During the holidays — when available time shrinks and gifts multiply — this failing is particularly obvious.
I start well. I wrap presents as I buy them in paper and ribbon that coordinate with my tree's colors — lately teal and bronze. I take my time. I make a nice tag, signed with a color-coordinated pen in my best penmanship. I top it off with a glittery angel or sparkly ornament.
However, as the season wears on, my wrap jobs degenerate. They go from looking respectable, to passable, to the dog did it. Soon I'm dashing (at times through the snow) to an all-night superstore for cheap snowman paper and a bag of sticky bows. When those supplies dwindle, and I'm out of paper, ribbon, tape or all three, I improvise.
It is the North Pole opposite of gracious.
“The presentation is what speaks to people,” Nicholas Kniel, owner of Nicholas Kniel Fine Ribbons & Embellishments, of Atlanta, is telling me over the phone when I call to get a gift wrap pep talk.

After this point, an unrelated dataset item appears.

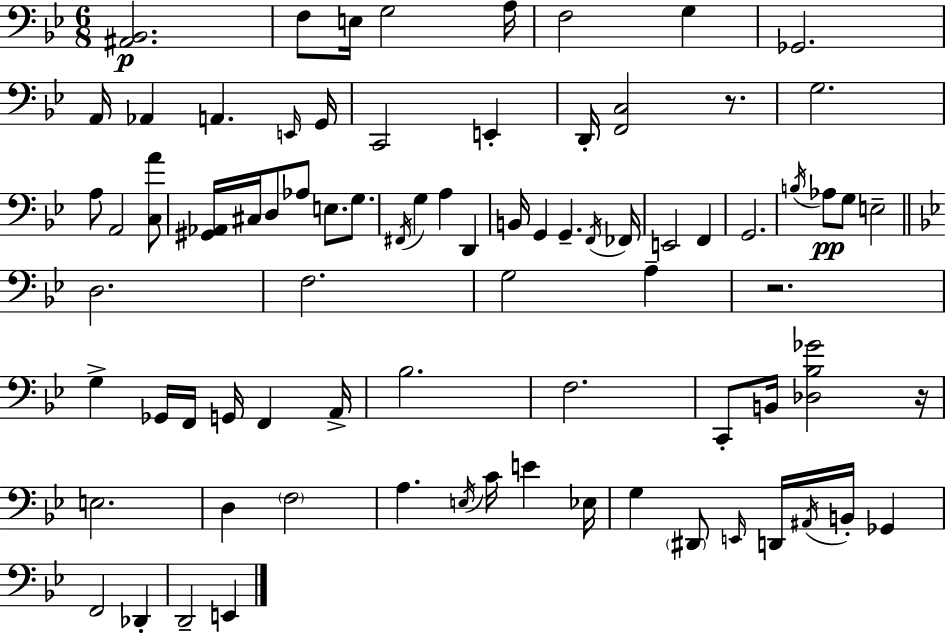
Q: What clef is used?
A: bass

“The gift wrap is what everyone notices first. It should get as much thought as the gift. But it's often the last thing people think about,” said Kniel, who opened his uber-chic gift wrap store in 2000 after studying fashion design.
Besides stocking unusual ribbons, feathers, buttons, embellishments and other wrapping materials, his store has evolved to offer custom gift-wrapping, and gift-wrapping classes. For those who can't make class, here are some ways Kniel says we can upgrade our presentations:
•Get your stuff together. Have a dedicated wrapping box or tray to keep all supplies together, “so when you go to wrap, you don't go to four rooms,” Kniel said.
•Choose a signature color scheme. Pick a gift-wrap palette that works year round, not just during the holidays. Pick two colors you like that go with your home decor, say ivory and crimson, or teal and black. Then add a metallic. Stock up on solid-colored paper and ribbon in all those colors, and you'll be set for Christmas, birthdays or weddings.
•Coordinate your wrapping to go with your tree. And coordinate your tree to go in your home. Don't feel obliged to use red and green, especially if your home is purple and orange, said Kniel. Use orange wrapping with purple bows.
•Make your own gift tags. Use the scrap ends of gift wrap. Affix the gift wrap to plain card stock using spray adhesive. Make a hole with a tag punch, thread ribbon through and you have a coordinating tag that looks chic. Hint: Do your tags before you need them, so they're handy when you're wrapping in the heat of moment.